Detroit: An American Autopsy Discussion Questions


Detroit: An American Autopsy, by Charlie LeDuff

“Go ahead and laugh at Detroit because you are laughing at yourself.”

-Charlie LeDuff, Author of Detroit: An American Autopsy

Discussion questions:

1) The Strong Towns blog author, Charles Marohn, states: “For me, Detroit is both a fascinating and scary place. Fascinating because it is a glimpse into America’s future and scary because the future is grim. I’ve long held that Detroit is not some one off place that we can discount but that it actually represents the logical outcome of the Suburban Experiment.”

LeDuff opens his book with the same basic argument. We can pretend that Detroit is a case of corruption or incompetence or racial issues or globalization—and there are certainly many nuances and complexities—but at the end of the day, what has happened and is happening in Detroit has a lot of commonality with nearly every other city in this country.

Is Detroit an anomaly, or the canary in the coal mine regarding the future of many American Cities? See also Stockton Bankruptcy Decision Only The Beginning,

2) Today’s Detroit mirrors the conditions of an undeveloped nation. Call the police, they don’t show up. If they do, it takes thirty minutes or more. Same with the fire department. People who can hire their own security. The rest carry weapons and travel in groups. Money is allocated for fixing things like the cracked floor at the fire hall, but nobody knows where it went.

Should the rest of the nation contribute to prevent this pocket of extreme poverty from erupting in our midst? What are the limits of our federalist system? What about the state of Michigan?

3) What did you think of LeDuff’s writing style? The journalism as pose-poetry style? The use of expletives? LeDuff’s sometimes harsh descriptions of people.

4) LeDuff asks the big questions up front. How did a city which was once America’s richest become it’s poorest? How did a city which once housed above one million souls shrink down to 700,000? There is another cottage industry which seeks to analyze this decline, and various suspects include the mayoral tenures of Coleman Young, race riots, institutional racism, free-trade agreements, outsourcing, oil prices, corporate mismanagement. LeDuff focuses on two of the more primal instincts: flight and greed.

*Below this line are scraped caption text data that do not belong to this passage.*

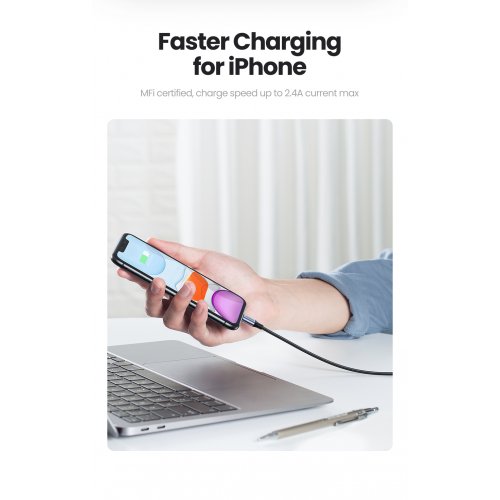 Кабель Ugreen US199 USB to Lightning 2.4A 1m (60156) Black купити в Україні: Київ, Львів, Хмельницький, Тернопіль, Івано-Франківськ | Низька ціна, відгуки, характеристики від TELEMART фото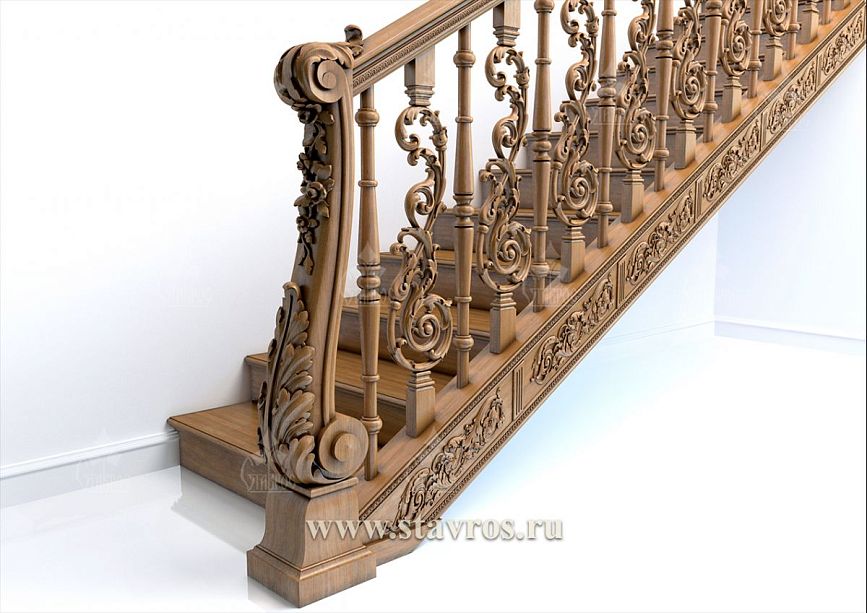 Staircase components RLE-006 &ndash; balusters, handrails, posts from solid wood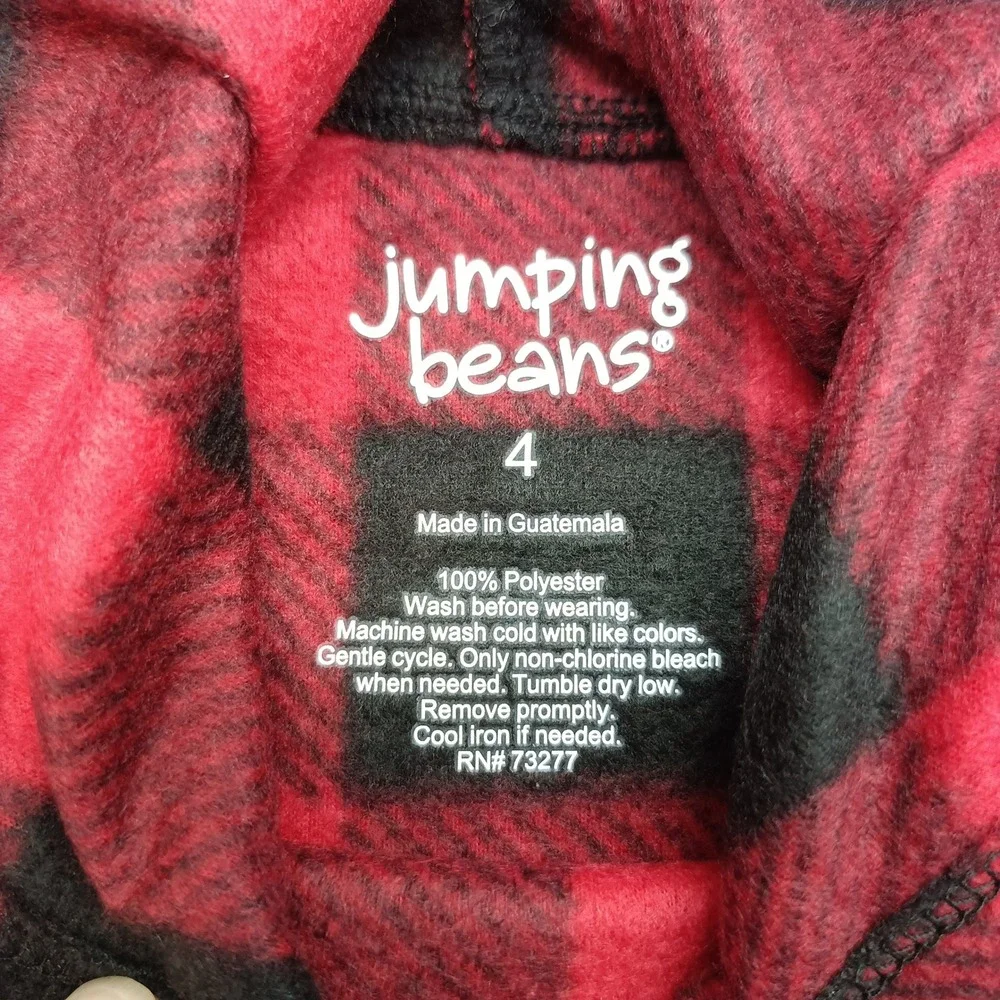 Jumping Beans Girls 4 Red Black Buffalo‎ Plaid Fleece Hoodie Cozy Festive Casual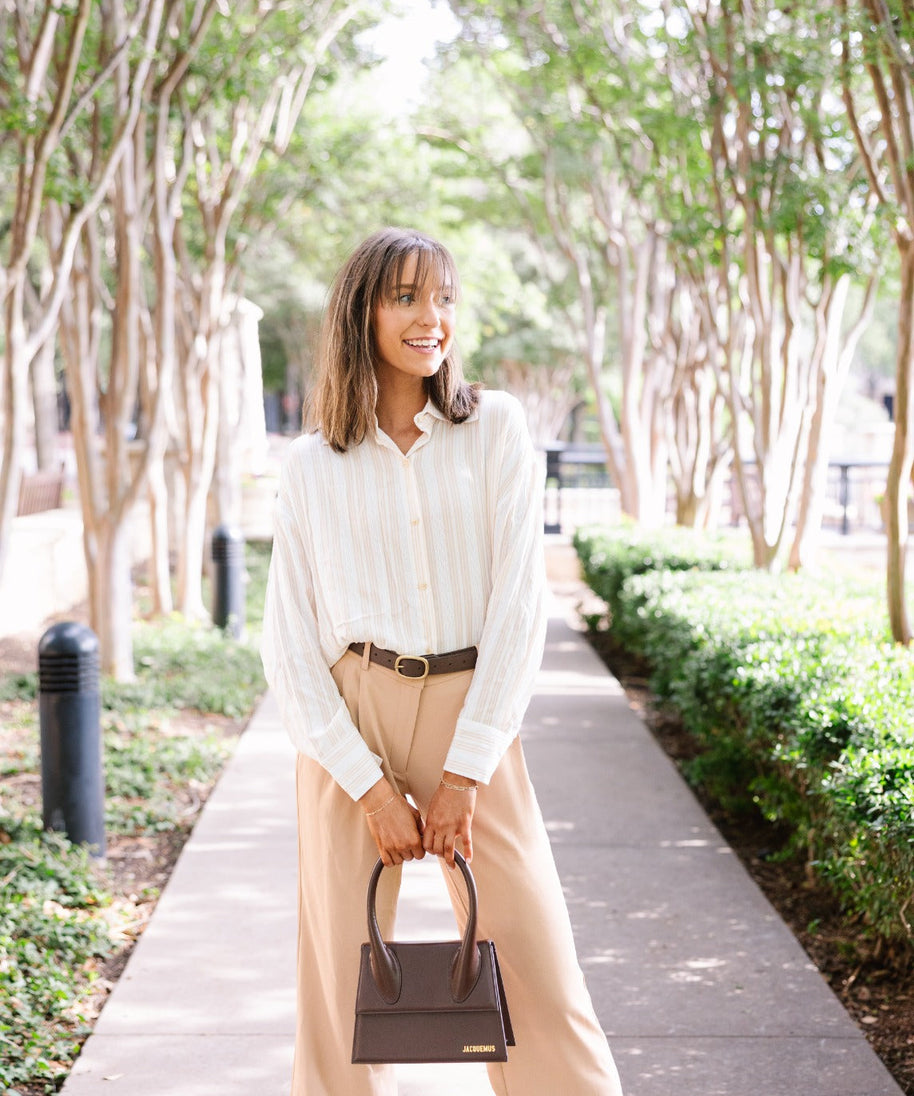 Kathryn Button-Up, Beige Stripes
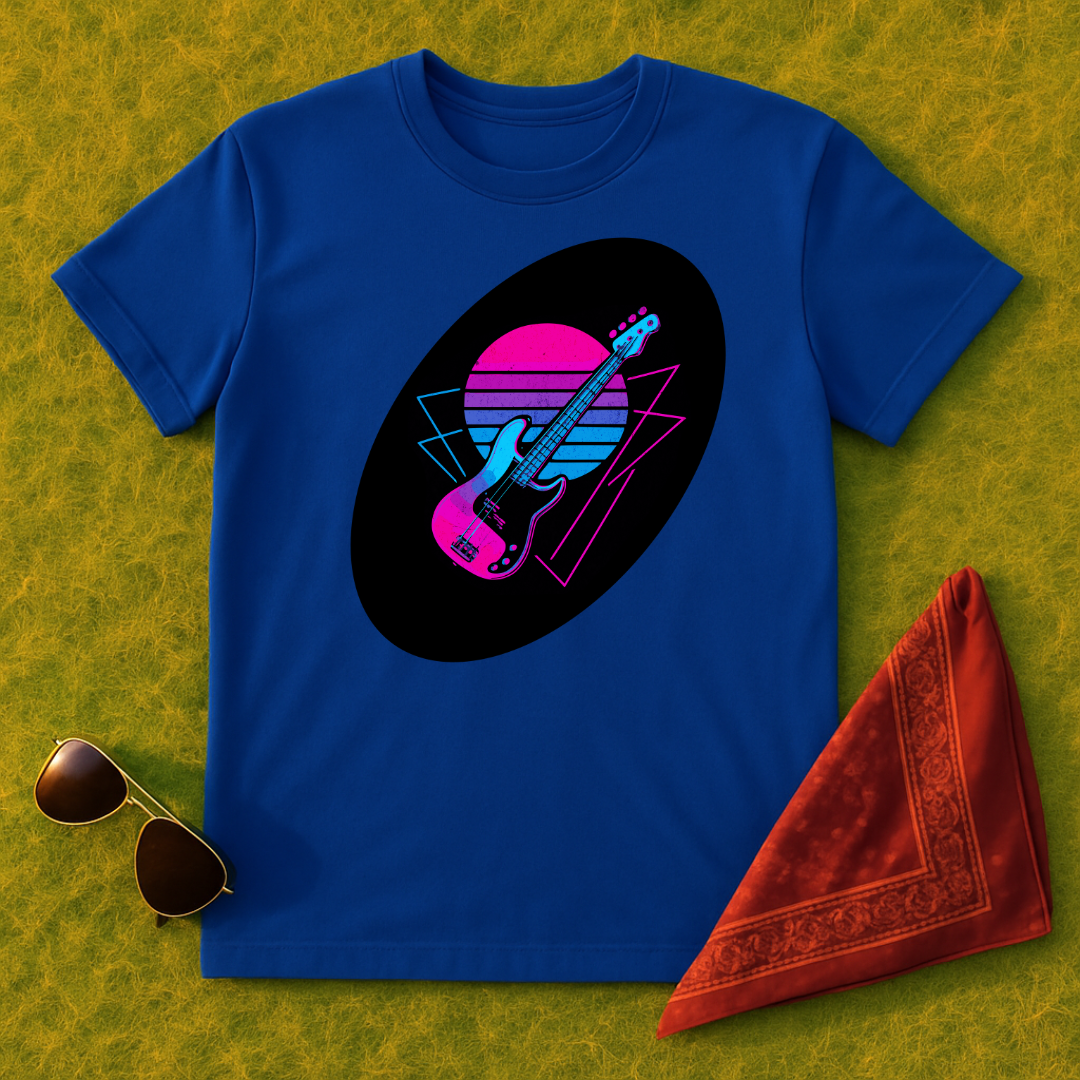 Neon Retro Bass Guitar T-Shirt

Do you think the book was informative in addressing how Detroit ended up in the present situation? Was the book informative in general?

5). What role in the story does Detroit’s unique history and “traditions” hold in its demise? For instance, there is Devil’s Night; the fact the army has occupied the city three times, the 1967 race riot, and its history of corruption.

6). Detroit’s recent history is one of flights. There was white flight, (and the richer blacks fled too), then industrial flight, and also brain drain (Graduates from Ann Arbor’s University of Michigan are not likely to live in their home state again). Now there is ‘dead flight’, where those who can afford it exhume their relatives and move them to safer eternal resting grounds in the suburbs, so they will not have to endure the long trek out to the decayed inner center. There are three kinds of people left: those who cannot leave, out of duty or loyalty (the firemen and police), those who cannot leave because they are too poor to do so, and the thieves.

What do you do with a city with a population too small to support its infrastructure and overhead? Is it permissible for a city to die?

7). The book relates the tale of the importance of beavers to the city’s early growth. All beavers on the Detroit River disappeared in the early part of the 20th Century, only to be recently spotted on the river for the first time in eighty years. Is this a positive development? Are there any positive aspects to Detroit’s current situation?

8). What policy recommendations would you offer if made Mayor of Detroit?